More Americans Will Qualify for This Extra $2,000 Tax Credit in 2022: Do You?

If you’re aiming to save more money on your taxes, a Saver’s Credit might do the trick. Formerly known as the Retirement Savings Contributions Credit, this tax break can knock off up to $1,000 ($2,000 if married) on your tax bill. It’s a generous IRS incentive designed to encourage more people to stash money away for retirement.

There’s a small catch, though: You have to contribute to an eligible retirement account and meet income qualifications. Fortunately, the IRS just released the new income ranges for 2022, and they are bigger than ever.

We’ll break down the latest Saver’s Credit qualifications and help you determine if you’re in the running for this offer.

Image source: Getty Images.

The secret Saver’s Credit

The Saver’s Credit has been around for two decades, but it doesn’t get the attention it deserves. This nonrefundable tax credit comes in handy when you owe money during tax time.

Let’s say you’re in the hole for $1,000. The Saver’s Credit provides a dollar-for-dollar reduction to your tax tab. If you’re single and qualify for a $1,000 credit, you could reduce your tax bill to zero.
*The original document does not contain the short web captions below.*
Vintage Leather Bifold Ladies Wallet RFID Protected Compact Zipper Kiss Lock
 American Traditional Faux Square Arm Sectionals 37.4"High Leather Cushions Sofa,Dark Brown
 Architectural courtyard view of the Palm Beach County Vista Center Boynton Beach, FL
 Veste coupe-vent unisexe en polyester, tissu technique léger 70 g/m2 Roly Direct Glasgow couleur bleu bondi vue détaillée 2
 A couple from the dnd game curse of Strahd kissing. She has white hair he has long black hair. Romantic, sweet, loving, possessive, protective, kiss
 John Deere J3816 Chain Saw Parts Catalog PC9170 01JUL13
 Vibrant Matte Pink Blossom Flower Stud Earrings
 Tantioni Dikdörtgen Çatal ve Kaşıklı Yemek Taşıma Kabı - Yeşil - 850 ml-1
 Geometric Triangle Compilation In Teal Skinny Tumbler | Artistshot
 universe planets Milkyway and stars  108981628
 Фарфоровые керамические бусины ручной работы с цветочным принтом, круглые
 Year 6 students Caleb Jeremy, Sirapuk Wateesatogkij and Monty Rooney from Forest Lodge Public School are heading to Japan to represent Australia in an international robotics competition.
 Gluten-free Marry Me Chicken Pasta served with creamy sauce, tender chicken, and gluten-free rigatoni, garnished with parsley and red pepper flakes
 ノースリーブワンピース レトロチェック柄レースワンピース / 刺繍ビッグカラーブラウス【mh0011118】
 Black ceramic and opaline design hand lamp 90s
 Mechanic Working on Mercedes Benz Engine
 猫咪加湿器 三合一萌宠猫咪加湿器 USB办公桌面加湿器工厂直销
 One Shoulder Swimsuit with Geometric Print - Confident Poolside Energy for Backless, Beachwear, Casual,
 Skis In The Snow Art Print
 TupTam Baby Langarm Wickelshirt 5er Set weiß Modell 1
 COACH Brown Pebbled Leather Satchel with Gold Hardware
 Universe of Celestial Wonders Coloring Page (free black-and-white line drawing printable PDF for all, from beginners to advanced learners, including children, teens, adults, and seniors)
While the IRS wants to encourage more low- and moderate-income earners to save more, putting money under your mattress won’t cut it. You have to contribute to a qualified retirement savings account to be eligible for the Saver’s Credit. Here are a few accounts that can get you one step closer to this credit:

401(k), 403(b), and 457(b) plans
Traditional IRAs and Roth IRAs
SIMPLE IRA and SEP-IRA
ABLE savings accounts
Thrift Savings Plan

Passing the income test

Since the Saver’s Credit is essentially free money from the government, the tax benefits are only available to individuals within specific income ranges.

The 2022 income ranges are higher than they were in 2021. That means more Americans can qualify for this savings incentive. To check your eligibility, monitor your adjusted gross income (AGI). This number will determine if you’re eligible to claim the Saver’s Credit during the 2022 tax year — the one for which your tax return is due by April 2023.

If you’re married filing jointly, your AGI must be $68,000 or less (up from $66,000 in 2021); head of household filers, AGI of $51,000 or less (up from $49,500 in 2021); and all other filers, AGI of $34,000 or less (up from $33,000 in 2021).

Apply the credit rates

Everyone won’t qualify for the same credit amount. Your income and filing status will determine how much you can knock off your tax bill. There are three credit rates: 50%, 20%, and 10%. The less money you make, the higher credit rate you qualify for.

The maximum contribution amount that can count toward a single person’s credit is $2,000. That means a single person is eligible for a maximum $1,000 credit if they contribute at least $2,000 to a retirement savings account and qualify for the 50% credit rate. A married couple can qualify for a maximum $2,000 credit. If you’re wondering what you qualify for, below is a chart to calculate the credit you’ll receive.

2022 Saver’s Credit rate and AGI eligibility, by filing status

Credit

Married Filing Jointly

(AGI)

Head of Household

(AGI)

All Other Filers

(AGI)

50% of your contribution

$0 to $41,000

$0 to $30,750

$0 to $20,500

20% of your contribution

$41,001 to $44,000

$30,751 to $33,000

$20,501 to $22,000

10% of your contribution

$44,001 to $68,000

$33,001 to $51,000

$22,001 to $34,000

0% of your contribution

Over $68,000

Over $51,000

Over $34,000

DATA SOURCE: IRS.

Don’t miss this extra credit

The Saver’s Credit can lead to big savings on your tax return. It’s especially helpful for individuals who don’t have taxes taken out of their paycheck. Instead of being stuck with a tax bill at the end of the year, the Saver’s Credit can be applied to your balance and potentially wipe away your entire liability.

If you think you’re going to owe taxes, consider contributing to a retirement account. Aim to contribute the max so you can set aside more money for retirement. With the increased income ranges, you may be eligible for a bigger tax credit than you expected.